La percentuale dei successi è andata progressivamente migliorando col perfezionarsi della tecnica e con l'aumentare dell'esperienza dei chirurgi. Mentre sino a pochi anni fa il campo dell'artroplastica era quasi esclusivamente limitato alle articolazioni della mandibola e del gomito, ora si operano con successo anchilosi della spalla, del polso, dell'anca, del gomito, del piede.

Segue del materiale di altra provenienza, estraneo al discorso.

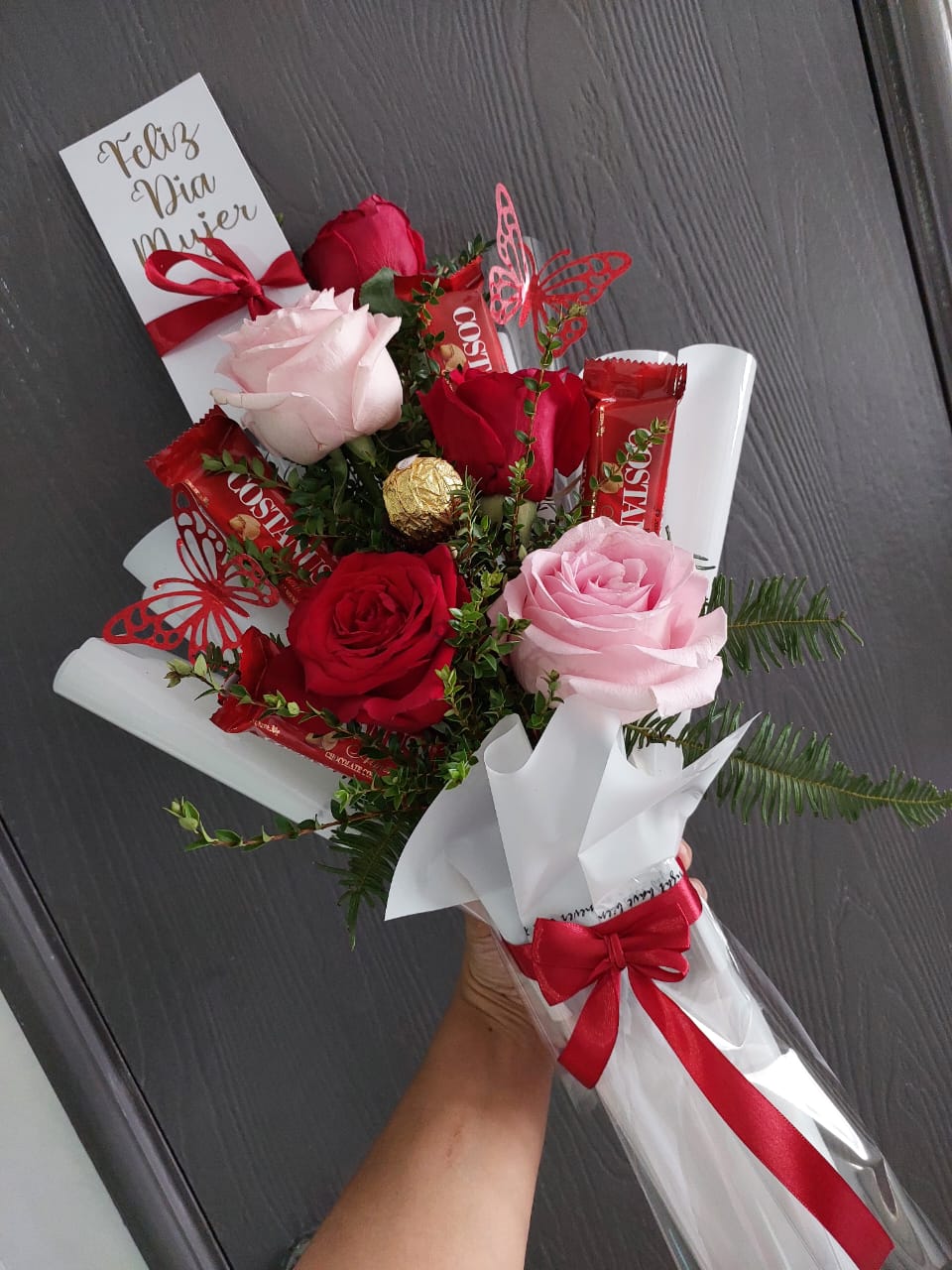 Ramo Toque de Amor
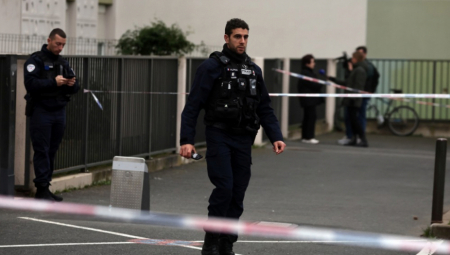 UBIO ČOVEKA ISPRED BAŠTE RESTORANA Užas u Francuskoj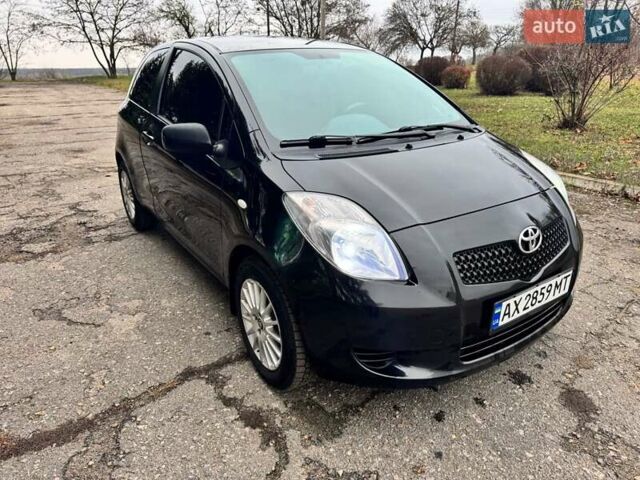 Черный Тойота Ярис, объемом двигателя 1 л и пробегом 217 тыс. км за 3800 $, фото 9 на Automoto.ua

Il rendimento funzionale delle neoarticolazioni può essere dei più soddisfacenti. Nei casi meglio riusciti l'articolazione acquista un ampio giuoco di movimento, è in grado di sopportare lavori gravosi, non arreca dolore. L'artroplastica riesce di grande utilità nei casi in cui l'anchilosi è causa di grave danno funzionale, come nelle anchilosi della mandibola, che vietano al malato l'apertura della bocca; in quella bilaterale dell'anca, che limita gravemente la deambulazione; in quelle in estensione del gomito, che rendono praticamente inutile l'arto superiore.
Bibl.: G. B. Murphy, Contribution to the surgery of bones, joints and tendons, in Journ. of the Amer. Med. Assoc., LVIII (1912); id., Arthroplasty, in Annals of Surgery, 1913; E. Payr, Zehn Jahre Arthroplastik, in Zentralbl. für Chirurgie, XIV (1920); V. Putti, The treatment of ankylosis (Internat. Congress of Medicine), Londra 1913; id., La mobilizzazione chirurgica delle anchilosi del ginocchio, in Chir. degli organi di movimento, I (1917); id., L'arthroplastie des articulations ankylosées, in Lyon Chirurgical, marzo-aprile 1922; id., Artroplastiche, negli Atti del Congresso della Soc. Internationale di Chirurgia, Londra 1923.